We're now looking to port this method onto the Fluidigm C1using their script builder. This should allow us to process many more cells much more quickly and cost-effectively, and allow an off-the-shelf protocol for user to play with.

Improvments in single-cell analysis: There have been huge strides in single-cell analysis, particularly around gene expression where low read-counts (less than 1M reads per cell) can give high-quality information on transcript abundance. However copy-number sequencing generally requires higher read depth per single-cell, particularly if there is an expectation of focal amplifications/deletions in the samples being studied. For copy-number analysis single-end reads are fine, paired-end reads will not add to the CNV analysis, and you’re unlikely to get far with SV analysis given the low read depth. SNS (described below) suggested using 2 million reads single-end 50, we generate about the same number, although we get better data when using 5-20M (which is our standard for tumour exomes).

There are multiple methods now published for single-cell CNV analysis: Single-nucleus sequencing (SNS) published in 2012 was one of the first methods and uses a similar workflow to the one we implemented. They authors also described their flow sorting strategy in some detail and I’d recommend getting hold of this paper if you are considering doing the same.

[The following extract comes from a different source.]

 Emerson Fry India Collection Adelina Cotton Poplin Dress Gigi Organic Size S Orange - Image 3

They make the point that whilst you can carefully sort for diploid cells, if you are working on cancer samples then aneuploidy needs to be taken into consideration and your flow gating strategy carefully considered. A paper published in PNAS in 2013 described the analysis of CNV in single circulating tumour cells from lung cancer patients.

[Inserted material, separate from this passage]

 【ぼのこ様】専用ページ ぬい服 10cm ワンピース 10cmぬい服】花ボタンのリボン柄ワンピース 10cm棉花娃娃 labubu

In 2014 Christoher Walsh’s group at Boston Children’s Hospital and Harvard Medical School used flow-cytometry to sort single nuclei, and compared MDA with GenomePlex (a PCR-based method). They also used a microarray QC tool: MAPD, to estimate noise, and suggest the use of the MAPD score to compare different single-cell CNV methods - something we may well look into here.

In 2015 Timour Baslan (author on the 2012 SNS paper) published a paper describing their optimisation of low-coverage WGS for single-cell CNV. In the paper they describe a modified DOP-PCR method for simple library prep, and multiplexing to generate 2 million reads per sample. They demonstrated that this was sufficient to generate robust CNV profiles at 50K bin resolution. Reducing resolution to 20k or even 5k bins still gave good results although some focal amplifications were lost, but this was with up to a theoretical limit of 500 single-cells on a HiSeq lane, which ends up with a cost per cell of just $30!

A 2015 comparison of GenomePlex, MDA and MALBAC amplification bias, amplification uniformity and reproducibility, suggested that overall MALBAC and GenomePlex had better performance than MDA for CNV detection. They generated around 30 million reads per sample. Also in 2015 the G&T-seq paper described low-coverage genome sequencing of flow-sorted single-cells amplified with either MDA or PicoPlex (the same method we used). They reported that PicoPlex outperformed MDA for CNV analysis and chose this as their method of choice . They went on to sequence to 33x coverage on X-Ten, much higher than every other single-cell CNV analysis.

The most recent paper, published in Genome Research this year, assessed the performance of single cell sequencing for CNV detection they report their analysis of the sensitivity and specificity of different approaches for megabase-scale CNV detection in single cell sequencing data. They concluded that CNVs of greater than 5Mb could be detected in single cells sequenced at just 0.1X coverage.

Low-coverage WGS for single-cell CNV is likely to become an ever more popular tool.


  1. Have you had any issues with the doublet thing on the C1?

  2. We have not see this issue ourselves, but we're planning our experiments more carefully and will be working with Fluidigm as closely as possible to resolve this in future experiments.